Government officials from twenty-two states have filed a brief in the case of Mozilla v. FCC, seeking to restore the so-called net neutrality rules from 2015 and to vacate the Restoring Internet Freedom Order (RIFO) from 2017. Their legal reasoning, however, suffers from multiple and serious flaws. The states’ brief misses key facts and contains misunderstandings about the internet and 2015 Open Internet Order (OIO). Further, if they are successful, these state officials would balkanize the internet.

The states’ brief alleges that the FCC failed to “address the impact of the Order on public safety.” The brief points to the electrical grid as an example and claims that the repeal of 2015 rules jeopardizes the ability of state officials to react when the electrical grid is stressed. Even a cursory read of the 2015 Open Internet Order reveals that this is false: the OIO expressly exempted networks like those used to support the electrical grid—the 2017 RIFO changed nothing regarding the electrical grid. The state officials seem, at some level to understand the weakness of the claim; the brief spends two sentences asserting this inflammatory argument and then moves on.

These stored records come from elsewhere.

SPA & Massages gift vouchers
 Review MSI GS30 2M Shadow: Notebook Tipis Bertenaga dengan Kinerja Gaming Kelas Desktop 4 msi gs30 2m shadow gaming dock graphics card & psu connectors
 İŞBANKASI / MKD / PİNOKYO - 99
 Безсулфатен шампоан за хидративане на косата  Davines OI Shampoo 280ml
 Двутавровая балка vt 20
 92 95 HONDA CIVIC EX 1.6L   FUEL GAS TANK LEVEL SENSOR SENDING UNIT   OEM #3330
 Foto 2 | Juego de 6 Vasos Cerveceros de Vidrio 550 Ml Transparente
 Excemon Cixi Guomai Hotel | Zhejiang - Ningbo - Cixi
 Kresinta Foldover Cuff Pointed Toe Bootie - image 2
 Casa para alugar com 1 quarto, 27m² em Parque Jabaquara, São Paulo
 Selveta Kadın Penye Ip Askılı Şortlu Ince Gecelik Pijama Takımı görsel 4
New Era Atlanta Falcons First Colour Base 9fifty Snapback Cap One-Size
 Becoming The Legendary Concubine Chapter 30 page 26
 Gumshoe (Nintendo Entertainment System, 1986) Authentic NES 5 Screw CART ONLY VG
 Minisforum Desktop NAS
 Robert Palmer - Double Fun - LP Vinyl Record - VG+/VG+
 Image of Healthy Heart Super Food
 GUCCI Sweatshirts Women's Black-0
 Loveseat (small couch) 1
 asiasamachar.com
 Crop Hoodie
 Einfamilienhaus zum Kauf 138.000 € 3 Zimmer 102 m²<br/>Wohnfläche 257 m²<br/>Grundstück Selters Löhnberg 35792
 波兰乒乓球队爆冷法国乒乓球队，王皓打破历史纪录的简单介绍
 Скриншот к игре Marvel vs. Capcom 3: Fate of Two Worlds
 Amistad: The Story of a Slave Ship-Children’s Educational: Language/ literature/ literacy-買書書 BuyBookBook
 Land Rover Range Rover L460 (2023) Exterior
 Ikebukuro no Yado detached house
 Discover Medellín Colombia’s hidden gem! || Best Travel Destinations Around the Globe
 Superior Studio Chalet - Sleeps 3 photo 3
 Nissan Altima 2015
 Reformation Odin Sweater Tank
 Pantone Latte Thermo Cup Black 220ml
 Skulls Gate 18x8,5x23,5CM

The brief subsequently says: “There is no evidence that it is possible to isolate and preferentially prioritize communications important to public health and safety.” Again, this is a provably false claim. Telecom companies have been “isolating and prioritizing” important communications services for years. Millions of Americans rely on technologies like VoIP and VoLTE that prioritize voice and emergency services on broadband networks. Not only is it possible to prioritize public safety communications, the federal government has spent billions of dollars premised on this fact. For example, prioritizing public safety communications is central to FirstNet, the independent government authority created in 2012 to equip first responders with wireless broadband for their communication and information needs.  

The brief also attacks RIFO’s preemption of state laws because these state officials wish to allow states and cities to regulate the internet in the name of net neutrality. First, as a federal court of appeals recently held, state regulation of interstate internet services is preempted by federal law. Legal precedent aside, the states’ and cities’ desire to enact local internet laws is troubling for a pragmatic reason: it would fragment the global internet into dozens, or even hundreds, of intra-state networks. Each regulator could take a different approach to net neutrality, creating innumerable legal contradictions as to what is or is not allowed.

There are likely other errors that will be uncovered in litigation but a quick review suggests that this brief was rushed. The eagerness by some state officials and advocates to regulate the internet is a recent, unfortunate trend. The internet flourished in the US because of a twenty-year national policy that the internet and internet services should be “unfettered by Federal or State regulation.” The 2017 RIFO restores that successful national policy but too many state officials wish to turn back the clock and regulate the internet.